What you have to do | All of the data below should be repeated exactly. Pictures should not be included.

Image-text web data
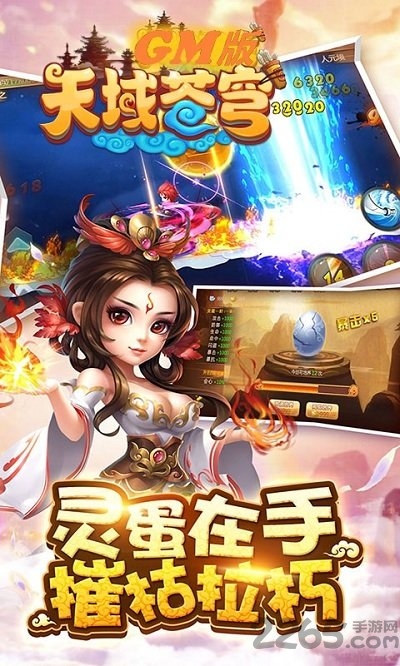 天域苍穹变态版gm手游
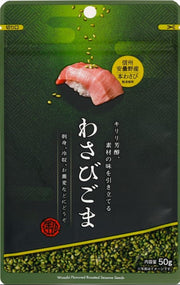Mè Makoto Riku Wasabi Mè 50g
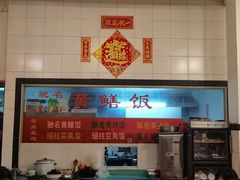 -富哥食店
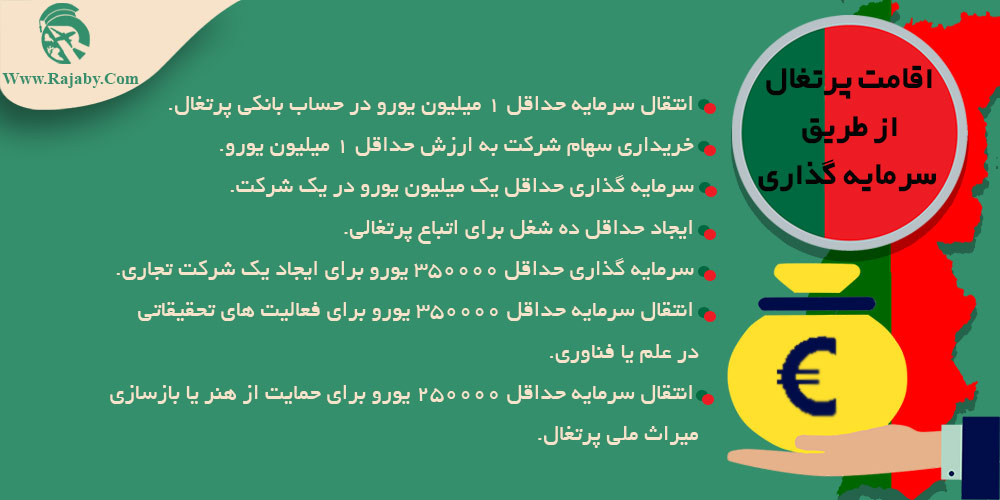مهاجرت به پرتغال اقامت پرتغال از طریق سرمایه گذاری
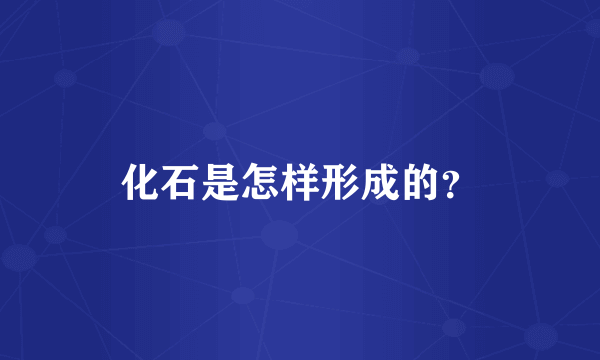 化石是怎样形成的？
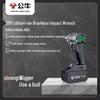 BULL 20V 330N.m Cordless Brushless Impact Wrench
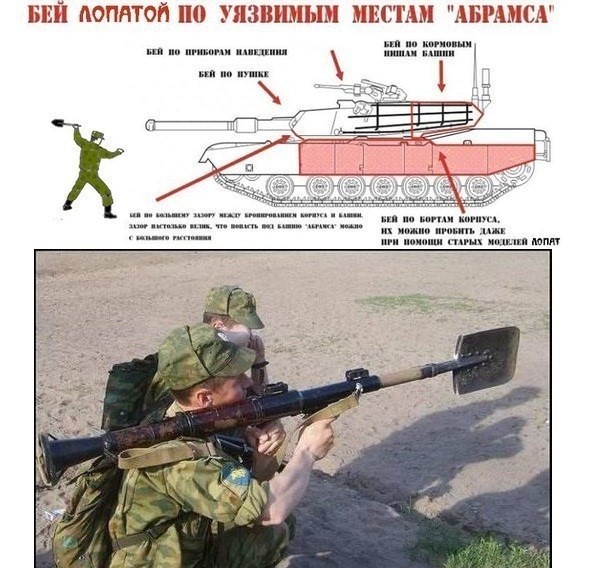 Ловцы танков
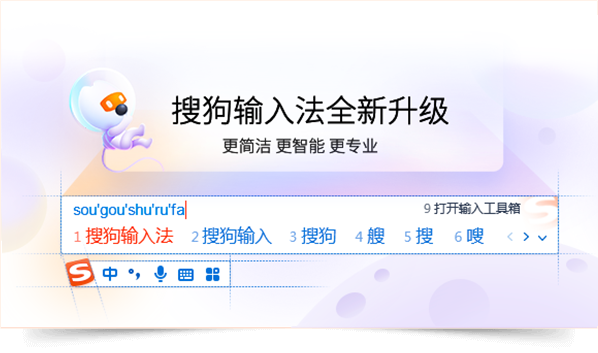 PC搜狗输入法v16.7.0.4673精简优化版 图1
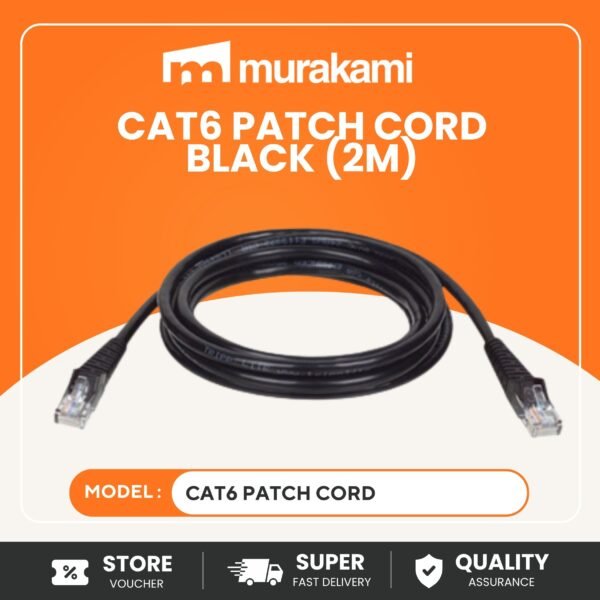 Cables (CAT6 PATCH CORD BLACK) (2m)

Response below |
 天域苍穹变态版gm手游
Mè Makoto Riku Wasabi Mè 50g
 -富哥食店
مهاجرت به پرتغال اقامت پرتغال از طریق سرمایه گذاری
 化石是怎样形成的？
 BULL 20V 330N.m Cordless Brushless Impact Wrench
 Ловцы танков
 PC搜狗输入法v16.7.0.4673精简优化版 图1
 Cables (CAT6 PATCH CORD BLACK) (2m)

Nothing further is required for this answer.